A triad is a chord made of three notes stacked in thirds: a root, a note a third above it, and a note a fifth above the root. Play those three notes together and you have the smallest complete chord in Western music. Almost every song you know is built from them.
Take any note and call it the root. Count up a third in the scale, then up another third. Those three notes, sounded together, are a triad. On C that gives you C, E, G. The interval from root to top note works out to a fifth, which is why a triad is often described as a root, a third, and a fifth.
The word triad just means "set of three." It is the simplest kind of chord, so people often use the two words loosely. The honest distinction: a triad is always three notes, while a chord can have four or more. A C7 (C, E, G, B♭) is a chord but not a triad, because it has a fourth note stacked on top. Add notes to a triad and you get sevenths, ninths, and the rest of harmony. Take them away and you are back to the triad underneath.
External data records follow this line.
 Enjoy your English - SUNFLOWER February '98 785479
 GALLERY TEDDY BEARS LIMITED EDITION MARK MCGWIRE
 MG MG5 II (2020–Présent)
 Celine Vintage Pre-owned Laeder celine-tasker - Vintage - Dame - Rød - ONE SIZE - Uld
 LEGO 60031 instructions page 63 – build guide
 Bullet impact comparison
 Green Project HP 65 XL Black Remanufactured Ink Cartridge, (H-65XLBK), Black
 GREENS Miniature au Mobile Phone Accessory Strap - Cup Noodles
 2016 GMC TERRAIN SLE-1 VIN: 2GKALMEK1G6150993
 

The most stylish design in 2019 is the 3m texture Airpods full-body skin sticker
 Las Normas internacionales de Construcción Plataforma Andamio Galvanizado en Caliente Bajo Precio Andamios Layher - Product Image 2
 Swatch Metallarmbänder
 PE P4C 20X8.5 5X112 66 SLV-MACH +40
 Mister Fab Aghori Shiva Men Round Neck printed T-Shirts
All four triad types share the same shape, two stacked thirds, but a third comes in two sizes. A major third is 4 semitones (half steps). A is 3 semitones. Which size goes on the bottom and which goes on top is the whole difference between a chord that sounds happy and one that sounds tense.
| Triad | Stack (bottom third + top third) | Semitones from root | C example | How it sounds |
|---|---|---|---|---|
| Major | major 3rd, then minor 3rd | 0 – 4 – 7 | C E G | bright, settled |
| Minor | minor 3rd, then major 3rd | 0 – 3 – 7 | C E♭ G | dark, sad |
| Diminished | minor 3rd, then minor 3rd | 0 – 3 – 6 | C E♭ G♭ | tense, wants to move |
| Augmented | major 3rd, then major 3rd | 0 – 4 – 8 | C E G♯ | uneasy, suspended |
Read the semitone column and you can build any triad on any root without thinking about scales at all. Major is root, up 4, up 3. Minor flips them: up 3, up 4. Count from the root in half steps and the chord is correct in every key.
There are two reliable ways to land on the right notes.
To turn a major triad minor, lower the middle note by one semitone. C major (C E G) becomes C minor (C E♭ G) by dropping the E to E♭. That single note is the emotional switch in a huge amount of music.

Build a triad on each note of a major scale, using only notes from that scale, and you get the seven chords that belong to the key. They always fall in the same pattern, which is why Roman numerals are worth learning once and reusing forever.
| Scale degree | Roman numeral | Quality | Chord in C major |
|---|---|---|---|
| 1 | I | major | C (C E G) |
| 2 | ii | minor | Dm (D F A) |
| 3 | iii | minor | Em (E G B) |
| 4 | IV | major | F (F A C) |
| 5 | V | major | G (G B D) |
| 6 | vi | minor | Am (A C E) |
| 7 | vii° | diminished | Bdim (B D F) |
Uppercase numerals are major, lowercase are minor, and the little circle marks the diminished chord on the seventh degree. The pattern (I, ii, iii, IV, V, vi, vii°) holds in every major key. Memorise it once and you can spell the chords of any key by counting up the scale. A progression like I–V–vi–IV is just C, G, Am, F, four triads that power a large share of modern pop. You can hear how those numerals turn into real chords with our chord progression builder while you sketch.
A triad keeps its identity no matter which note sits on the bottom. C major is still C major whether the bass plays C, E, or G. Rearranging which note is lowest is called an inversion, and it changes the voicing and the smoothness of a progression without changing the chord.
Inversions are how piano and guitar players move between chords without leaping all over the instrument. Keep common notes in place, shift the rest by a step, and the progression flows. The chord name stays the same; only the lowest note moves.
Once triads click, a lot of music stops looking like a wall of symbols. A lead sheet becomes four shapes you already know. A song you are trying to cover becomes a hunt for which three notes the guitar is holding. And when you start writing, you are not guessing at chords, you are choosing them, because you know what each one will do. Sevenths, suspensions, and extensions all sit on top of this same three-note frame, so the time spent here pays off in everything more advanced.
Major, minor, diminished, and augmented. They differ only in the size of the two stacked thirds: major (4 then 3 semitones), minor (3 then 4), diminished (3 then 3), and augmented (4 then 4).
A triad is always exactly three notes: root, third, and fifth. A chord is any set of notes played together, so every triad is a chord, but a four-note chord like a seventh is not a triad.
Pick a root, then stack two thirds on top. The fast method is counting semitones from the root: 0–4–7 for major, 0–3–7 for minor. Or take the 1st, 3rd, and 5th notes of the root's major scale.
A triad built using only the notes of a given scale. A major scale produces seven diatonic triads, one on each degree, in the fixed pattern I, ii, iii, IV, V, vi, vii°.
No. A power chord is just the root and the fifth (C and G) with no third, so it has only two distinct notes and no major-or-minor quality. A triad needs that middle third to be a true three-note chord — the third is exactly what a power chord leaves out.